Black holes: accretion processes in X-ray binaries

TL;DR

This review discusses the astrophysical processes of black hole accretion, especially in X-ray binary systems, covering theoretical models, observational signatures, and their significance in high-energy astrophysics.

Contribution

It provides a comprehensive overview of black hole accretion mechanisms, models, and observational features specific to X-ray binaries, integrating recent developments.

Findings

Different accretion models explained, from thin disks to advective flows.

Observational signatures like spectral states and variability are detailed.

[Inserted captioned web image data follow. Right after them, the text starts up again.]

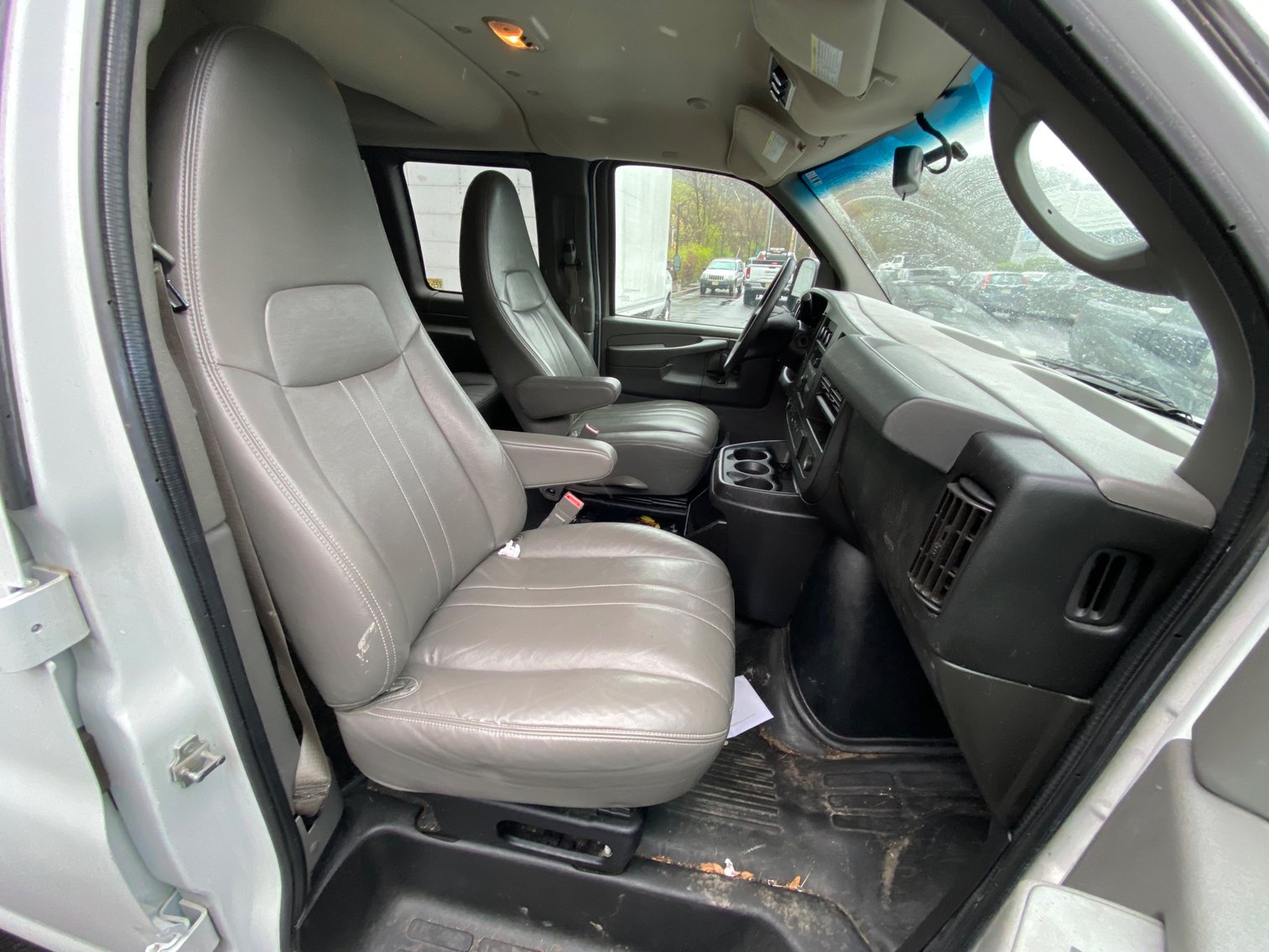 Image for Bankruptcy Auction - 2015 Chevy Express Passenger Van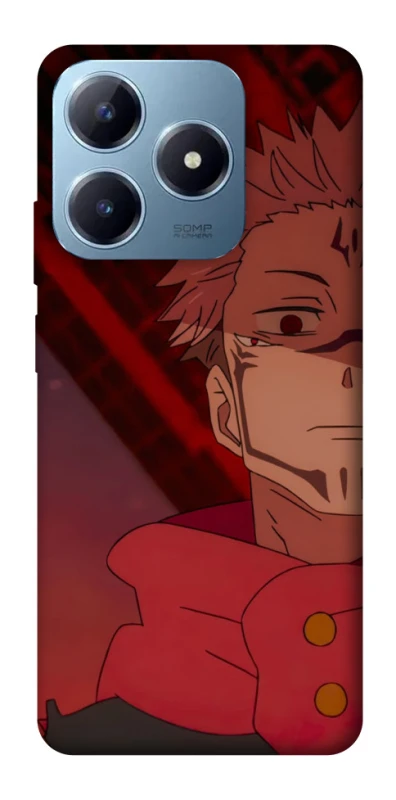 Чехол на Realme C63 Sukuna фото 1 из 1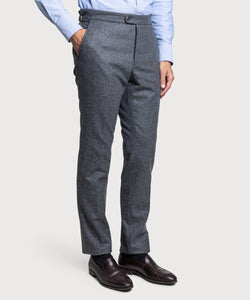 Flanell-Abendhose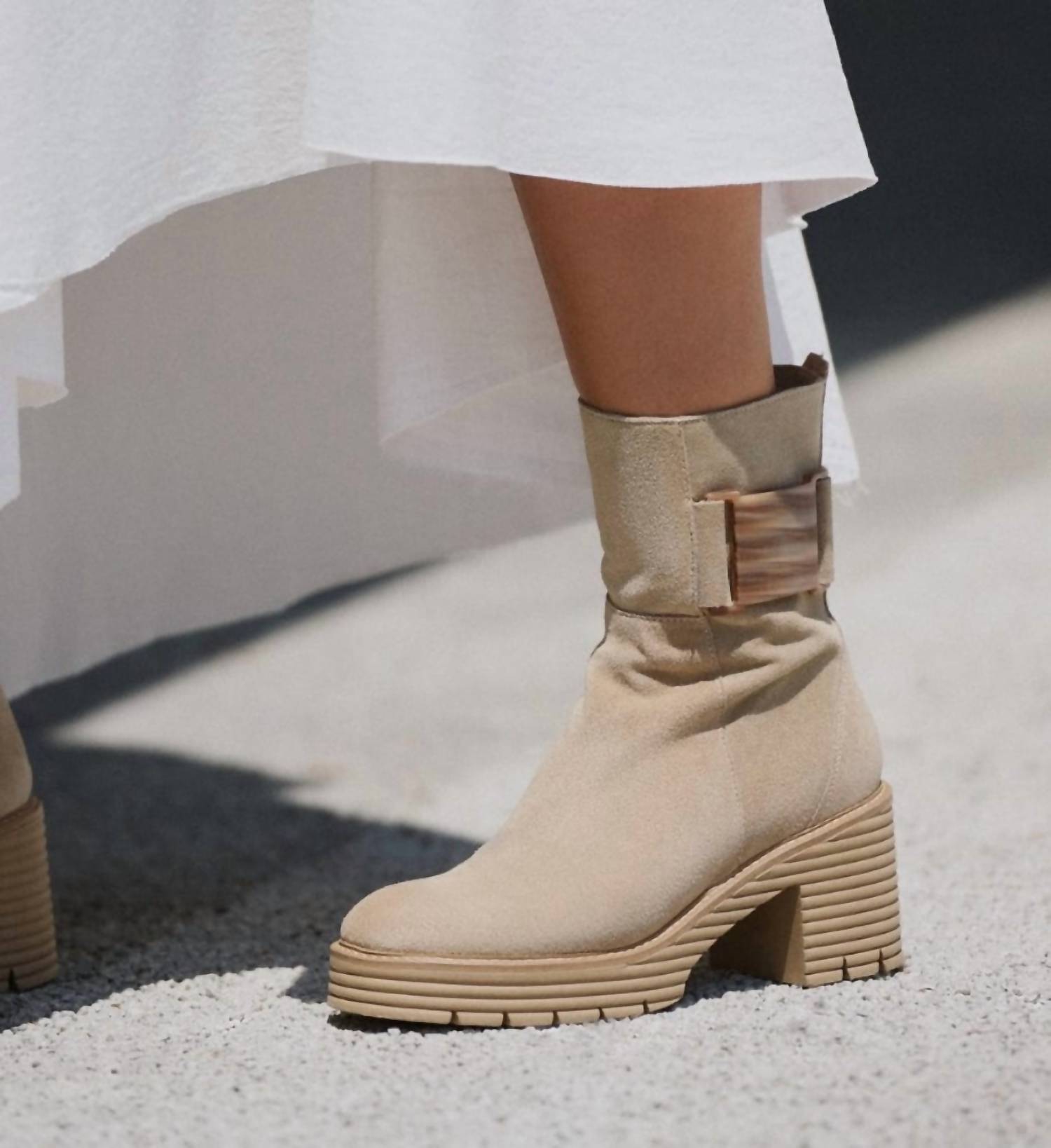 Softwaves - Women's Montez Boots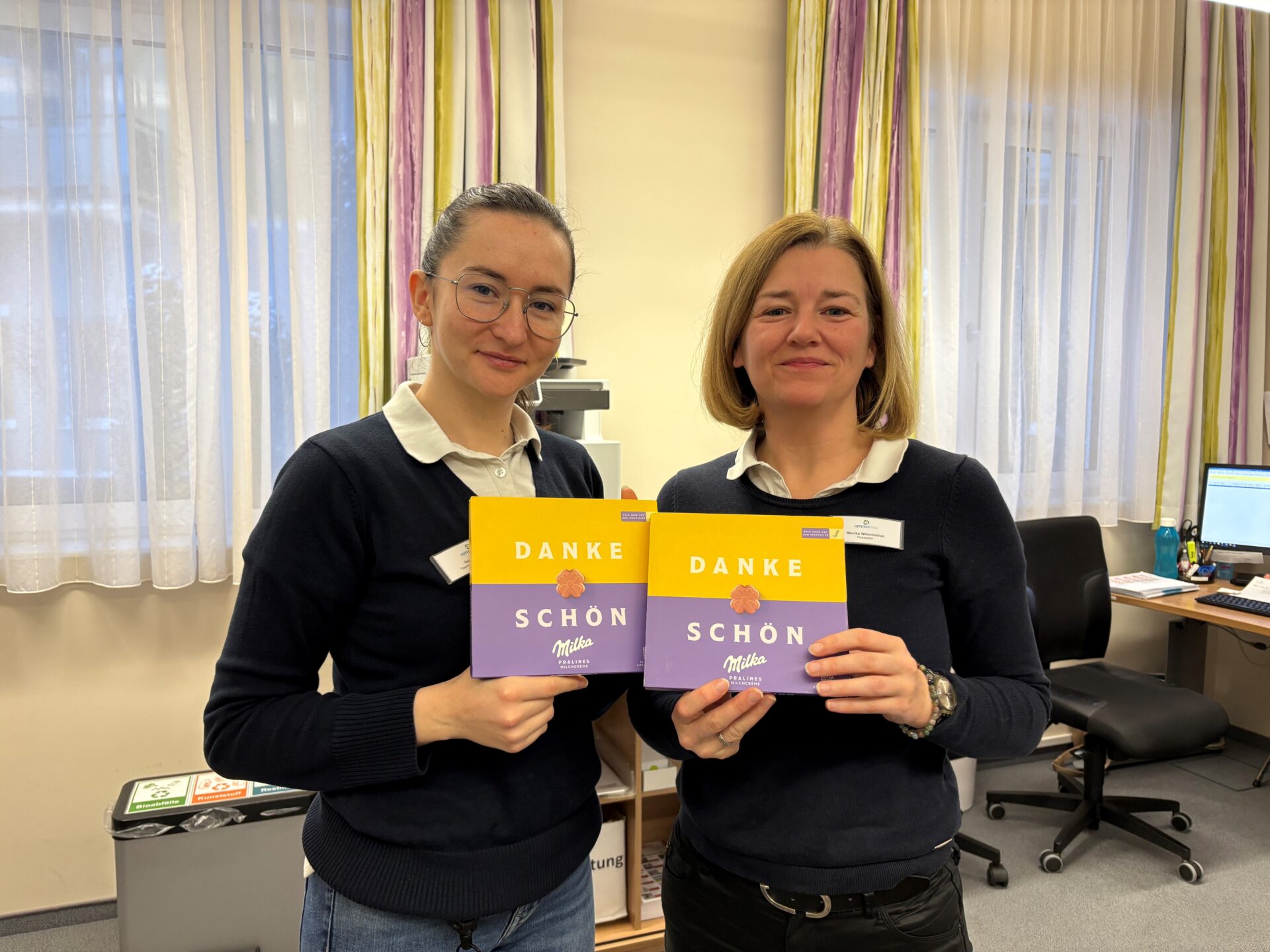 Dankeschön-Tag für Mitarbeiterinnen in Aspach 4 Dankeschön-Tag für Mitarbeiterinnen in Aspach 4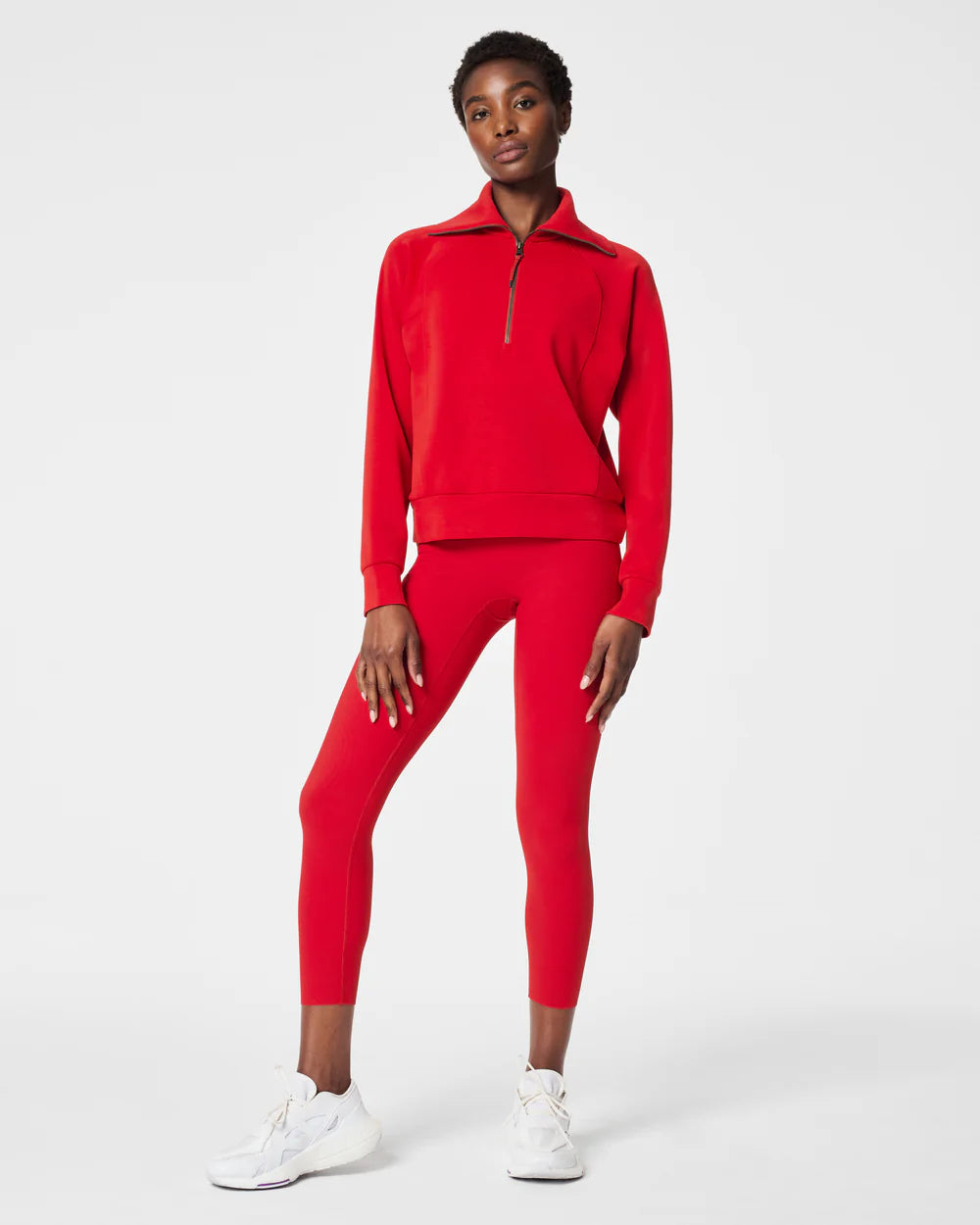 AirEssentials Half Zip by SPANX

Black hole accretion processes are key to understanding luminous cosmic phenomena.

Abstract

Accretion onto black holes is one of the most efficient energy source in the Universe. Black hole accretion powers some of the most luminous objects in the universe, including quasars, active galactic nuclei, tidal disruption events, gamma-ray bursts, and black hole X-ray transients. In the present review, we give an astrophysical overview of black hole accretion processes, with a particular focus on black hole X-ray binary systems. In Section 1, we briefly introduce the basic paradigms of black hole accretion. Physics related to accretion onto black holes are introduced in Section 2. Models proposed for black hole accretion are discussed in this section, from the Shakura-Sunyaev thin disk accretion to the advective-dominated accretion flow. Observational signatures that make contact to stellar-mass black hole accretion are introduced in Section 3, including the spectral and fast variability properties. A short conclusion is given in Section 4.